時間の流れが違うということで、外にいる人間が10年も年を取っているのに、中に入っていた人間は1週間くらいしか年を取らないことになるので、見た目も全然違いますよね。この映画だと、高校生の設定なので、実際は見た目も随分と違っちゃうんじゃないかと思いますが、アニメなので、そんなに絵は変わらずだったので、ふーんって思っちゃいました。ま、そんなに厳密に描けとは言いませんが、もう少し、年齢差を描いてくれていたら、この時間差のことがリアルに感じられたのかなと思いました。イマイチ、そんなに時間が経っているという事が感じられず、その辺りが残念かなと思いました。
主人公のカオルは、結構、可哀想な育ち方をしてきていて、これは、父親が悪いんだなと思ったけど、カオルが全部背負い込んで、我慢していたんです。これ、虐待だから、ちゃんと訴えた方が良いのになと思いながら観ていました。これは、暴力もあるし、精神的な暴力もありだから、引き離すべきですよ。親がこんな酷いことを息子に言うなんて、絶対に許せないなって思うようなセリフがありましたもん。

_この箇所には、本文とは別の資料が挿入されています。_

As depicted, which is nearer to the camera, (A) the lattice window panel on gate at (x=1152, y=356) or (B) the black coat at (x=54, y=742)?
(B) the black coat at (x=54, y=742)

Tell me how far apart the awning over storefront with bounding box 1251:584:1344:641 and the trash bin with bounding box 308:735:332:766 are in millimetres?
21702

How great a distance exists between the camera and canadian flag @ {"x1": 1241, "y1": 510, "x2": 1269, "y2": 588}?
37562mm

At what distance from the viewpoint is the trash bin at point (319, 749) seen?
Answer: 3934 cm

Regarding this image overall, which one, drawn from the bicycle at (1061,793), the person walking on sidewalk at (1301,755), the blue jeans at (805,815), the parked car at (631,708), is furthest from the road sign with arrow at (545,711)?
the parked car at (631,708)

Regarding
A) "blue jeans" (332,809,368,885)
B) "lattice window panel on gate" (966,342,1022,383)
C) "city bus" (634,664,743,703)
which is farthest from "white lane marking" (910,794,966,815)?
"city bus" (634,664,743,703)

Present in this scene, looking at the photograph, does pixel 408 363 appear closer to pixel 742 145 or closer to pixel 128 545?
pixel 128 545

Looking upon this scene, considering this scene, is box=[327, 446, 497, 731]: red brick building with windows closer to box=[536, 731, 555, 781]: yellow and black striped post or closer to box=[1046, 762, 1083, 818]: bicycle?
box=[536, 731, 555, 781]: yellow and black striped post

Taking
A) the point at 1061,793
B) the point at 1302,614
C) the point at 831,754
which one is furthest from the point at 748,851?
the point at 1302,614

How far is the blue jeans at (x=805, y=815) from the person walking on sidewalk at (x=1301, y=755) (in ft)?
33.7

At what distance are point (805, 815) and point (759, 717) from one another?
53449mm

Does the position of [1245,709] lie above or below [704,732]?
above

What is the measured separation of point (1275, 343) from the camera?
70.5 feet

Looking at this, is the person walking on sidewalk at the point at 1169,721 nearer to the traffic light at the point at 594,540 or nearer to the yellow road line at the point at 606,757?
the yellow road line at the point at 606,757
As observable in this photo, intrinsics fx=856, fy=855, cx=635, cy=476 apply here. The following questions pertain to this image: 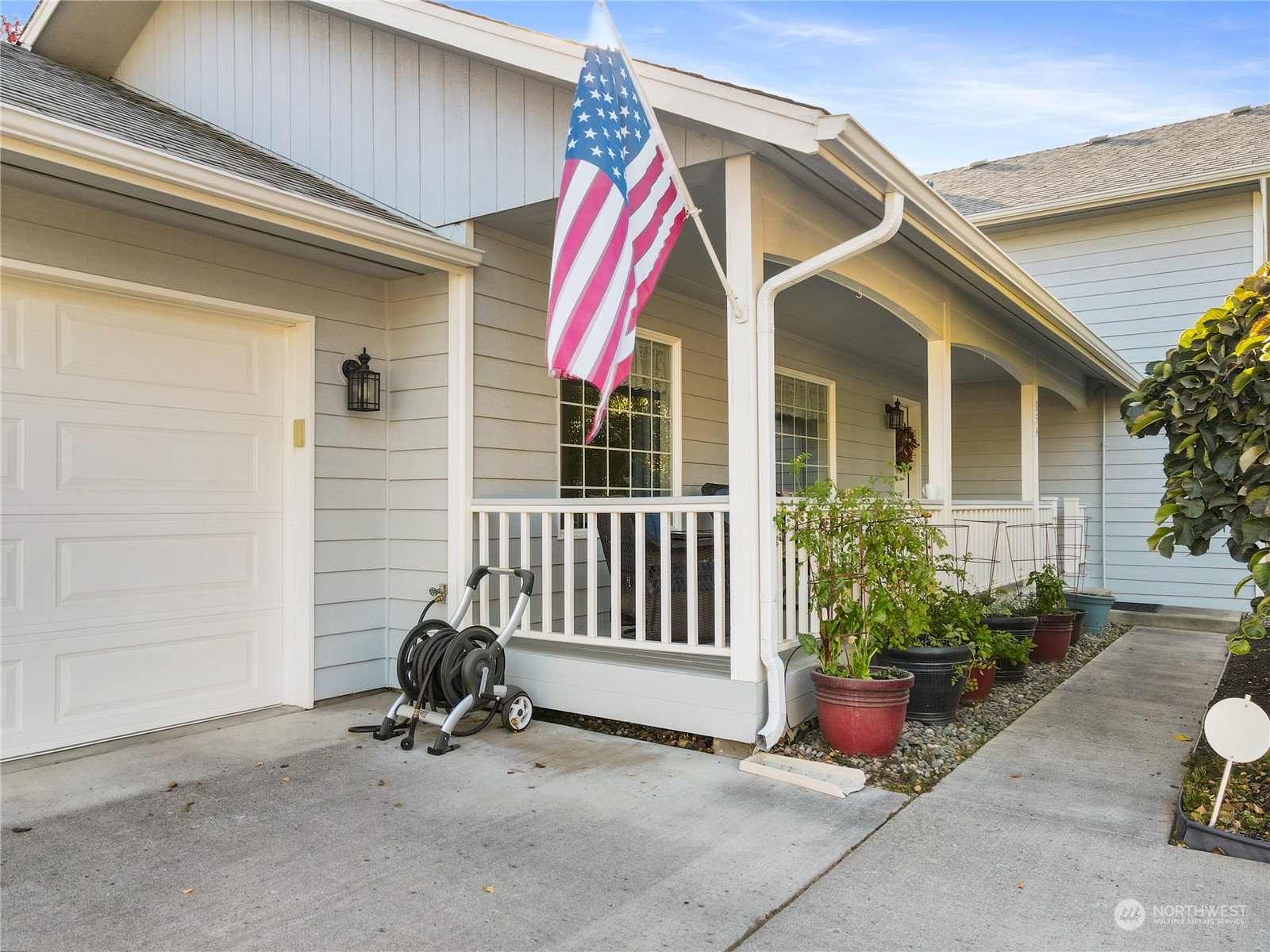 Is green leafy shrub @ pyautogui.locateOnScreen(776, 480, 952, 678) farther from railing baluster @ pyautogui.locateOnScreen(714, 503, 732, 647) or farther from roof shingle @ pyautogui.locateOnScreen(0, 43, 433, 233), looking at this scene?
roof shingle @ pyautogui.locateOnScreen(0, 43, 433, 233)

ま、そんな事が背景にあり、カオルとあんずは、自分の求めるモノを手に入れるため、”ウラシマトンネル”という、時間の進み方が違う空間に入り、奥行きはどれくらいあるのか、時間差がどれくらいあるのか、携帯電話が通じるのか、メールは通じるのか、などの調査をしていきます。
このウラシマトンネル、ちょっとおかしいんですよ。時間の進む方向が反対側に動いているから、時間の進み方が遅いというのは解るのですが、何故、過去の失くしたものが手に入るのか、全くの謎なんです。進む方向は違うけど、それでも前に進んでいるので、過去のモノが手に入るハズが無いんです。
手に入るとすれば、過去に戻っているという事になるので、それだと、ただのタイムトンネルとなってしまいます。それなら、ドラえもんみたいに過去に戻って、過去に修正を加えれば良いだけなんですけどね。そうなると、自分の未来も変わってしまうので、おかしな事になるとは思うんですけど。その辺りの設定が適当な感じで、もし物理学的に正しいトンネルなんだという事なら、しっかりと描いて欲しいし、ただのファンタジーだというなら、この世界の原則は何なのかというのを、しっかりと観る側に伝えてくれないと、あとからモヤモヤしてしまって、気持ち悪いんです。
そんな部分がありながらも、まぁ、楽しめる映画だとは思いました。なんとなく時間的な雰囲気が「地下室のヘンな穴」に似ていて、穴を下りて天井から下りてくると12時間経っているけど3日分若返るというのに似ています。ウラシマトンネルを1分歩いて帰ってくると、周りから見れば、1年前の若いままなんです。10分なら、周りが10年経過しているので、本人だけ10歳分、若いですよね。ちょっとややこしいけど、そんな感じなんです。
うーん、まぁ、ファンタジー映画と思って観れば、家族に恵まれなかった2人が出会って、不思議なトンネルで欲しいモノを手に入れようとするけどって事で、どんな結末になるかは、お楽しみです。ま、青春ラブストーリーだから、結末は、大体予想はつくでしょ。(笑)
私は、この映画、お薦めしたいと思います。不思議なトンネルとの出会いによって大切な人と出会えて、未来は不安定ではあるけど、未来を見つけたという感じですかね。凄く面白いとは言えないけど、楽しめる作品とは思えました。ぜひ、観に行ってみてください。
ぜひ、楽しんできてくださいね。